**Aim of the task**
Retype the line containing "Nouveau - Popeline" and each later line through the end of the listing, exactly as written, with no other lines.
────────────────────
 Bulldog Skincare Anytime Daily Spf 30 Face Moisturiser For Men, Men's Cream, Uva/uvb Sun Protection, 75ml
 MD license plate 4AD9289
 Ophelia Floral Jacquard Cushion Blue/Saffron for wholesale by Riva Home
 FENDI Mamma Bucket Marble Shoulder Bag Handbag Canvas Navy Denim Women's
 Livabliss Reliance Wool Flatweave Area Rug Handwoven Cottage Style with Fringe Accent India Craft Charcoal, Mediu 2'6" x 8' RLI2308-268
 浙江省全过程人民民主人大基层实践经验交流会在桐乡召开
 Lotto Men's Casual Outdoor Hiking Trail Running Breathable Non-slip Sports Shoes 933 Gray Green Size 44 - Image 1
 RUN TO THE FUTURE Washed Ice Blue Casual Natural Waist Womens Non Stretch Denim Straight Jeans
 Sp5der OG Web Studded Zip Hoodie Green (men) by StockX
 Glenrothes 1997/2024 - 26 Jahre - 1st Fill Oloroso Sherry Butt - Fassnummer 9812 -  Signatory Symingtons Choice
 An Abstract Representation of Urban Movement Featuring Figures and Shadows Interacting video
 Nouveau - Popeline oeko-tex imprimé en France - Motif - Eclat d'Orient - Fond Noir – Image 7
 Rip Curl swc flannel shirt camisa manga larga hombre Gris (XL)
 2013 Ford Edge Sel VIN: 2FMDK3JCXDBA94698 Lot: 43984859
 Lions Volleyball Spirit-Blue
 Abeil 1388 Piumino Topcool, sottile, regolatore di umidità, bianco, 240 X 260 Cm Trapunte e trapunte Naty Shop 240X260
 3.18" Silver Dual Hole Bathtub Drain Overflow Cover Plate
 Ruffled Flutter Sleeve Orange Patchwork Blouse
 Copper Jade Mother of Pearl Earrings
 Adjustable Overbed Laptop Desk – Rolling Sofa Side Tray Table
────────────────────
**Output for this exercise**
 Nouveau - Popeline oeko-tex imprimé en France - Motif - Eclat d'Orient - Fond Noir – Image 7
 Rip Curl swc flannel shirt camisa manga larga hombre Gris (XL)
 2013 Ford Edge Sel VIN: 2FMDK3JCXDBA94698 Lot: 43984859
 Lions Volleyball Spirit-Blue
 Abeil 1388 Piumino Topcool, sottile, regolatore di umidità, bianco, 240 X 260 Cm Trapunte e trapunte Naty Shop 240X260
 3.18" Silver Dual Hole Bathtub Drain Overflow Cover Plate
 Ruffled Flutter Sleeve Orange Patchwork Blouse
 Copper Jade Mother of Pearl Earrings
 Adjustable Overbed Laptop Desk – Rolling Sofa Side Tray Table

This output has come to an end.